‘Over our dead bodies:’ Republicans call Gov. Evers’ budget proposal ‘wacky,’ ‘crazy’
OSHKOSH, Wis. — Wisconsin’s Republican legislative leaders said at Saturday’s state party convention that Democratic Gov. Tony Evers delivered a “wacky” and “crazy” state budget proposal and promised to serve as a block to his agenda.
“It will be over our dead bodies,” Assembly Speaker Robin Vos said of approving Evers’ Medicaid expansion plan.
The convention that brought together about 650 conservative activists served as part pep rally ahead of the 2020 presidential election, examination of why every Republican running for statewide office lost in 2018, and strategy session on what changes need to be made to do better next year.
Vos and Senate Majority Leader Scott Fitzgerald described a strained relationship with Evers, who is now in his fifth month as governor. Republicans earlier this month killed many of Evers’ major proposals, including Medicaid expansion.
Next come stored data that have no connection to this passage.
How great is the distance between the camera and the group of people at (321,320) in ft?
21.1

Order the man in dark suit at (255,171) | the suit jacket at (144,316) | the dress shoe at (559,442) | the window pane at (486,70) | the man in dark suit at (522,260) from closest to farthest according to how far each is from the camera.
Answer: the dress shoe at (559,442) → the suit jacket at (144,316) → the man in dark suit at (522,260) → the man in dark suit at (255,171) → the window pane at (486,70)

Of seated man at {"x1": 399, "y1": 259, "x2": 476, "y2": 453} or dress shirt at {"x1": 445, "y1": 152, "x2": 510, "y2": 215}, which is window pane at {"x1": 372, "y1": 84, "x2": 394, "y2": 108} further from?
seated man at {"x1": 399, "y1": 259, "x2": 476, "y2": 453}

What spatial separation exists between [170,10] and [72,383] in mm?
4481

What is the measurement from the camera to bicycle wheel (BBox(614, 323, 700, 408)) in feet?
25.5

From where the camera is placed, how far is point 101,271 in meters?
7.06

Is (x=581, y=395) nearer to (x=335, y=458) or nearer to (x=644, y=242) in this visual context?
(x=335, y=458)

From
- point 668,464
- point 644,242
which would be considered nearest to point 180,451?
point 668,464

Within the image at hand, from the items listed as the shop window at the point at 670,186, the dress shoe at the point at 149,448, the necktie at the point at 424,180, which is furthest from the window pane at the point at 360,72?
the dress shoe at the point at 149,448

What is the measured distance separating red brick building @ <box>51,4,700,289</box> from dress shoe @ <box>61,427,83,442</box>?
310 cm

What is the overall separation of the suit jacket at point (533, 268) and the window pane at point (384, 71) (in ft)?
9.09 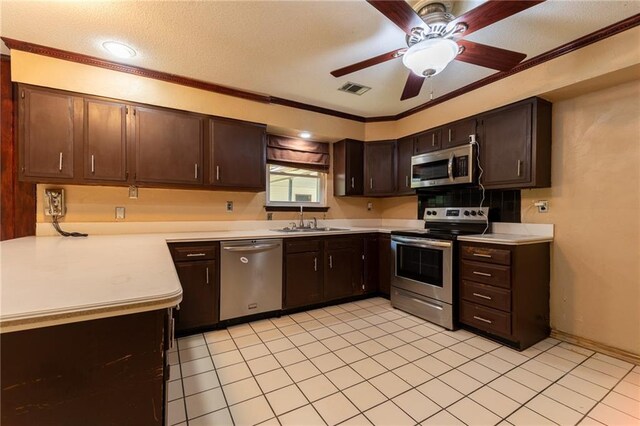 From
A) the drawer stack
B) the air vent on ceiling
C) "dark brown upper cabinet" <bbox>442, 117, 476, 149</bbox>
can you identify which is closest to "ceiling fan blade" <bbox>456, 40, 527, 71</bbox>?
"dark brown upper cabinet" <bbox>442, 117, 476, 149</bbox>

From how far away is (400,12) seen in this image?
1513 mm

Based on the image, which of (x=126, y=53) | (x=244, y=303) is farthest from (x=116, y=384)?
(x=126, y=53)

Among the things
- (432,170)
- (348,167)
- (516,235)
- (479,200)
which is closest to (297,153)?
(348,167)

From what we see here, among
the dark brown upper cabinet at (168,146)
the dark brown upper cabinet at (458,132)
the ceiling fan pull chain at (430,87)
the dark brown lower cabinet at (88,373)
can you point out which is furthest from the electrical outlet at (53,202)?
the dark brown upper cabinet at (458,132)

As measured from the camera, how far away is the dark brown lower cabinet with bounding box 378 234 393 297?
3643mm

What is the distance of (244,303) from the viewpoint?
9.47ft

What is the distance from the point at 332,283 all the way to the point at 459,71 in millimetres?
2666

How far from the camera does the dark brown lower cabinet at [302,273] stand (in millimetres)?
3129

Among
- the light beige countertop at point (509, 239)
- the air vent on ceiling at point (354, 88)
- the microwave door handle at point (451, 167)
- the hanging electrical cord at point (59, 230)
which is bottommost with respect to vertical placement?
the light beige countertop at point (509, 239)

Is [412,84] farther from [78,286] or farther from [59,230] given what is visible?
[59,230]

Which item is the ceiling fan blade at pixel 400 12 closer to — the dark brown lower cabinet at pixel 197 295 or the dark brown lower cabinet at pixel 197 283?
the dark brown lower cabinet at pixel 197 283

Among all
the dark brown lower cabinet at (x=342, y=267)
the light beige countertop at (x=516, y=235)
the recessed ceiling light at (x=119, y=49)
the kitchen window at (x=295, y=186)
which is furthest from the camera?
the kitchen window at (x=295, y=186)

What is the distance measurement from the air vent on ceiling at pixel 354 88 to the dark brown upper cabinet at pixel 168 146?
5.26 feet

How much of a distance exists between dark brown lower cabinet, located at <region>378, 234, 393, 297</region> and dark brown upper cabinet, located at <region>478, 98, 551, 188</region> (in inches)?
53.2
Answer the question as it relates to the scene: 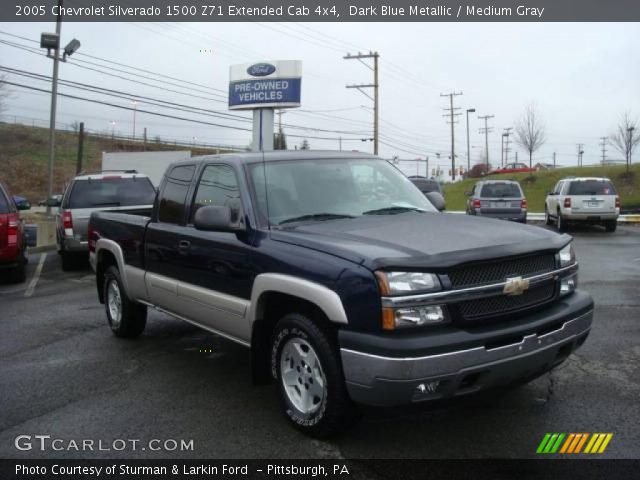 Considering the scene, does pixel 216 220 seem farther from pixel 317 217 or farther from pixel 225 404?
pixel 225 404

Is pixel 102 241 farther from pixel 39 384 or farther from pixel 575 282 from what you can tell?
pixel 575 282

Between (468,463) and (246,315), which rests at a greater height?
(246,315)

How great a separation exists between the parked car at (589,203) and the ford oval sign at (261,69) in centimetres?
1907

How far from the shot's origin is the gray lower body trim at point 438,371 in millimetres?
3133

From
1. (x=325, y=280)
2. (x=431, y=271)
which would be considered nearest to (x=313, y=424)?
(x=325, y=280)

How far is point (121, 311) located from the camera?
637 cm

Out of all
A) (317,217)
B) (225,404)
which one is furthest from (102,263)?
(317,217)

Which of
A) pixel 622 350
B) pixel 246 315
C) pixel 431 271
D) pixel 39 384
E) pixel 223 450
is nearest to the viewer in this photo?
pixel 431 271

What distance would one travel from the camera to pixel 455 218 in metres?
4.46

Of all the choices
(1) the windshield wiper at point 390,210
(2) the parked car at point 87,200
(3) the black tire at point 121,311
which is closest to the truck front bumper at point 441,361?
(1) the windshield wiper at point 390,210

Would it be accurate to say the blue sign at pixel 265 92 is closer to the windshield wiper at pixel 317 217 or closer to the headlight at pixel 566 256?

Vos said Evers was catering to liberals with a “wacky” and “crazy” state budget that would never win approval of Republicans who control the Legislature.
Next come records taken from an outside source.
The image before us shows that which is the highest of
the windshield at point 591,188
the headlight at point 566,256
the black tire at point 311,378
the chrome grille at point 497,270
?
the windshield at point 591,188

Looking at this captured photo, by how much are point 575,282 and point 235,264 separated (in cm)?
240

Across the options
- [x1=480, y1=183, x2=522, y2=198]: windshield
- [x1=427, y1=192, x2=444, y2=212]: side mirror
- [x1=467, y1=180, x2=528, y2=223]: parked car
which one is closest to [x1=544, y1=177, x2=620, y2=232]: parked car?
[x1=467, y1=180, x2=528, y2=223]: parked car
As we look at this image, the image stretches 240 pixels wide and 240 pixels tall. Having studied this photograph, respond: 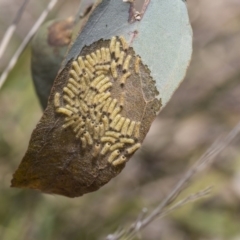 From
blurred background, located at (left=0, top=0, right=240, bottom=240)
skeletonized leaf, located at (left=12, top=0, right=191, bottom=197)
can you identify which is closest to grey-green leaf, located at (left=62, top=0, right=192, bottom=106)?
skeletonized leaf, located at (left=12, top=0, right=191, bottom=197)

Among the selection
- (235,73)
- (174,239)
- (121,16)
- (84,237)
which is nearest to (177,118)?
(235,73)

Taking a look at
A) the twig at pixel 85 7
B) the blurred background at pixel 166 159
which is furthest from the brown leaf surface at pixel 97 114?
the blurred background at pixel 166 159

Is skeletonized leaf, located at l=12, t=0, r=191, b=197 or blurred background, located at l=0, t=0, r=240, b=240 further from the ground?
skeletonized leaf, located at l=12, t=0, r=191, b=197

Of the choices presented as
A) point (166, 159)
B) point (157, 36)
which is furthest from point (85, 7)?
point (166, 159)

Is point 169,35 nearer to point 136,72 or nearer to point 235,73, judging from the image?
point 136,72

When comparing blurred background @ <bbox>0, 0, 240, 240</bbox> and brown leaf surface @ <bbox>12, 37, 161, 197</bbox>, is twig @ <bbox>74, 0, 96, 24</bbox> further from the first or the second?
blurred background @ <bbox>0, 0, 240, 240</bbox>

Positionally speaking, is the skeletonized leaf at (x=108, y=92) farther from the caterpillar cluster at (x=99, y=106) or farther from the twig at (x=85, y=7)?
the twig at (x=85, y=7)

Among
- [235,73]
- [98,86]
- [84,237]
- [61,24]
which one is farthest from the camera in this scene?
[235,73]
While Vos reiterated his steadfast opposition to Medicaid expansion, Fitzgerald said it needed to be “continually evaluated” because terms of accepting the federal money is a “moving target.” Evers built his budget around accepting the Medicaid money, which would then make $1.6 billion in federal funding available for other health care priorities.
Republicans killed the proposal this month, but some GOP lawmakers have said they remain open to compromise.
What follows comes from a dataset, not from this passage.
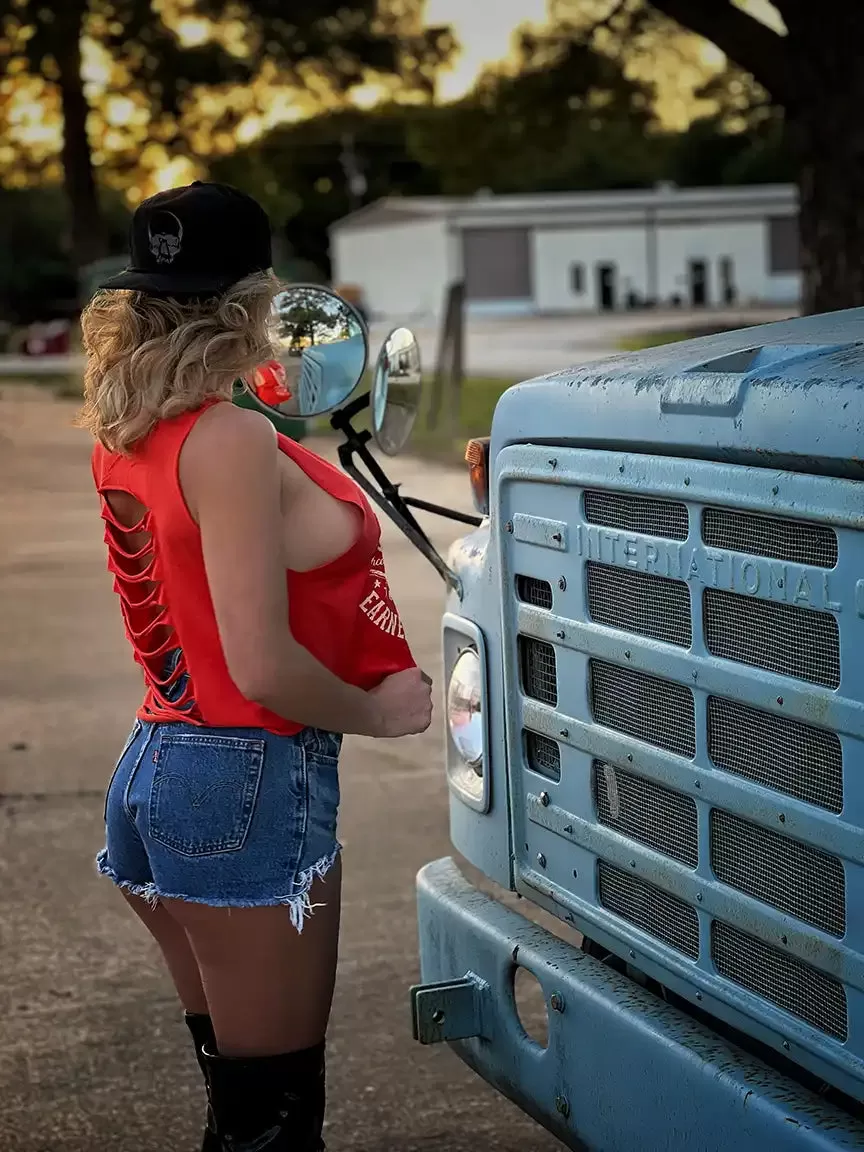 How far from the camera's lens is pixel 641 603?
8.84 feet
“There’s a real disconnect on all different levels with this governor,” Fitzgerald said. Republicans could work with former Democratic Gov. Jim Doyle, but there is no relationship with Evers, he said. Fitzgerald said he and Vos have met with Evers twice for five minutes since January.
Evers’ spokeswoman Melissa Baldauff said in response that the governor “has communicated repeatedly to GOP leadership that they should work with his chief of staff, just like they did under the previous governor.” Evers’ chief of staff is Maggie Gau, who ran his campaign and previously worked for Democrats in the Legislature.
“That directive wasn’t confusing to them when the chief of staff was a man,” Baldauff said. Walker’s chiefs of staff were all men.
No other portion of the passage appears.